◆ TASK INSTRUCTIONS
Would you print the lines below exactly, beginning at the line that has "Fabater Estación de" and stopping after the line that has "Bottes adolescents 4003 noir"? Only those lines, and no pictures.

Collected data
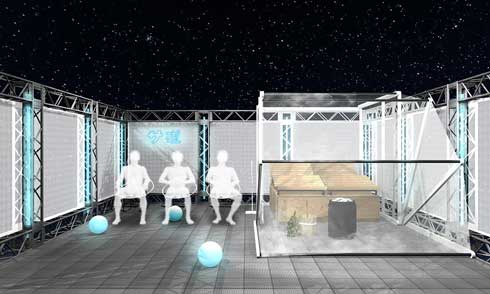 東京スカイツリー テレビ東京 サ道 コラボ サウナ SKYTREE SAUNA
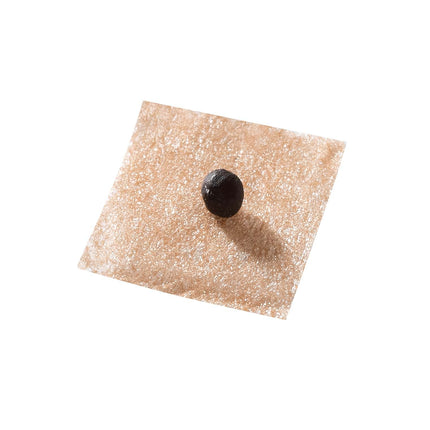 Ear seeds Vaccariae Seed, with patch (skin colored), 600 pcs.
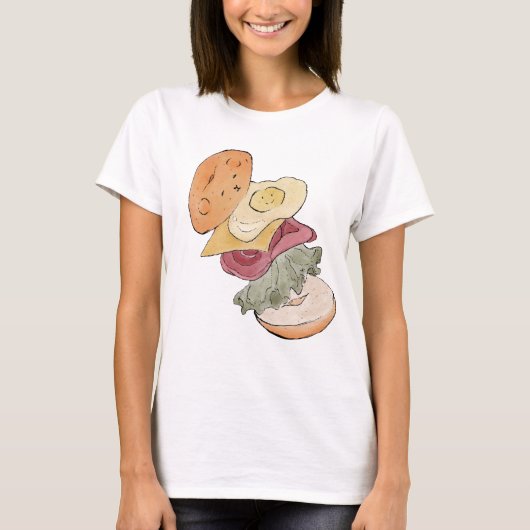 Bagel Beer T-shirt (Voorkant)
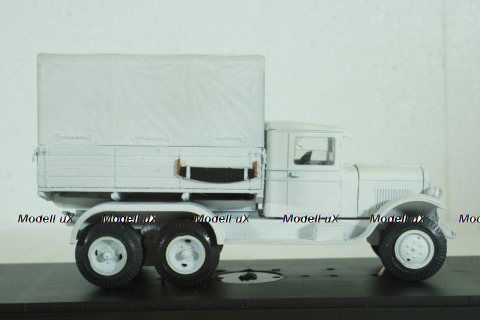 Зис-6 с тентом, зимний окрас 1943, Model43 1:43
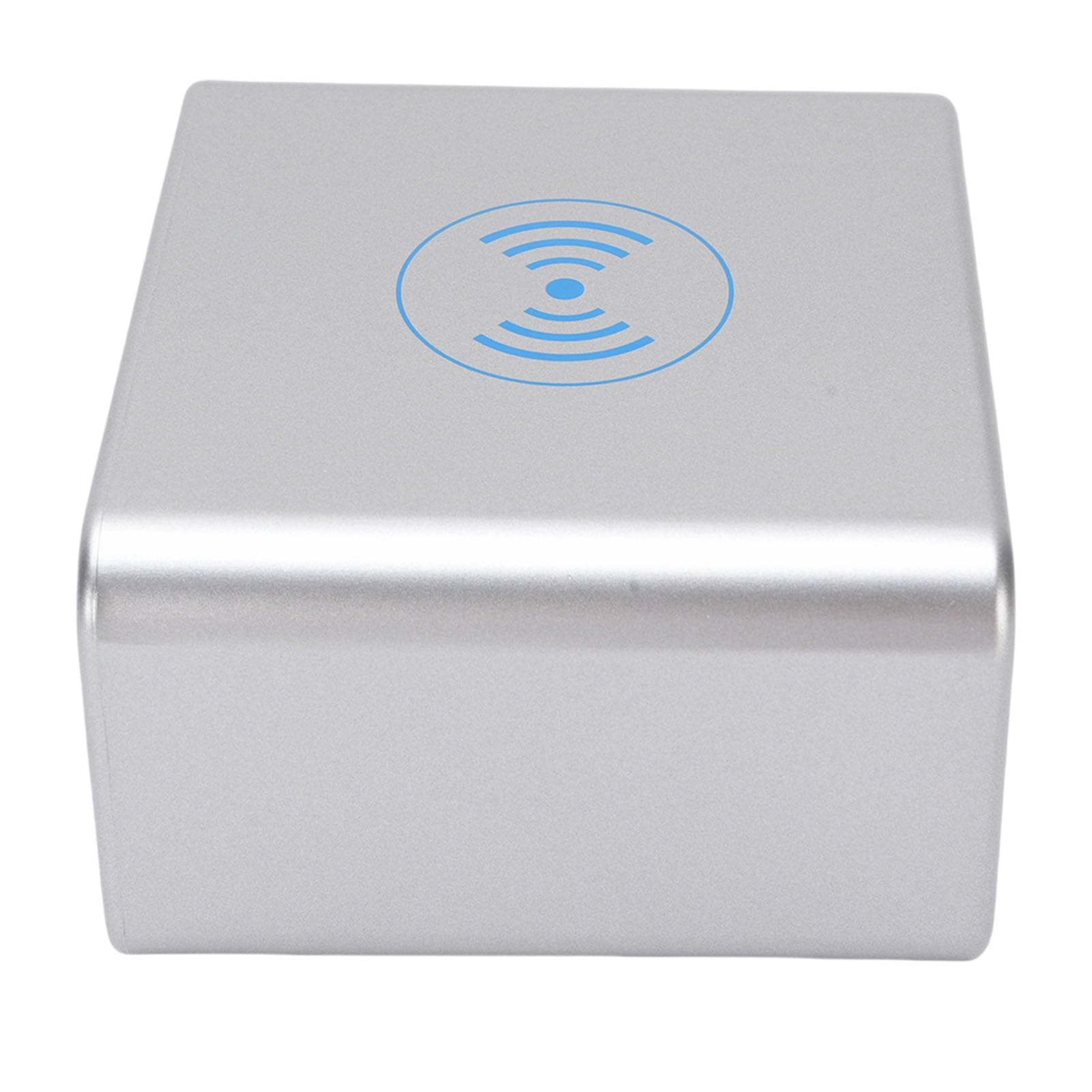 Fabater Estación de Carga Rápida USB de 8 Puertos de 100 W con Carga Inalámbrica para Teléfonos Inteligentes y Tabletas en la Oficina en Casa (Enchufe de la UE)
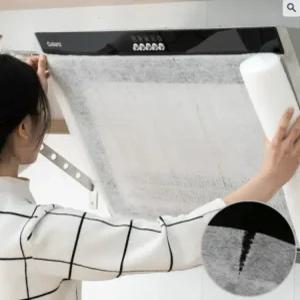 종이 흡수 스티커 오일 연기 10m 배기 안티 주방 차량용공구 필터 가정용 범위 일회용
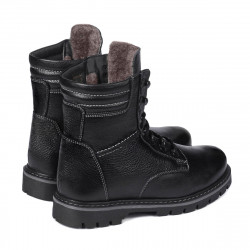 Bottes adolescents 4003 noir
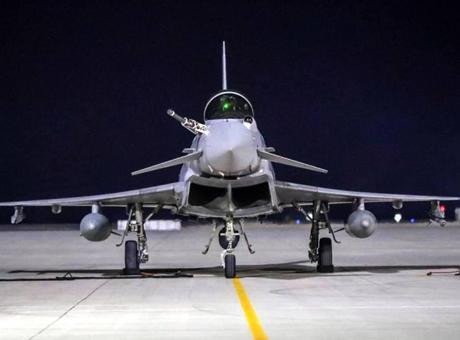 Yunan basını Türkiye’nin Eurofighter planını yazdı! ‘Ankara, bölgenin en gelişmiş filosuna sahip olacak’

◆ RESULT OF THIS EXERCISE
 Fabater Estación de Carga Rápida USB de 8 Puertos de 100 W con Carga Inalámbrica para Teléfonos Inteligentes y Tabletas en la Oficina en Casa (Enchufe de la UE)
 종이 흡수 스티커 오일 연기 10m 배기 안티 주방 차량용공구 필터 가정용 범위 일회용
 Bottes adolescents 4003 noir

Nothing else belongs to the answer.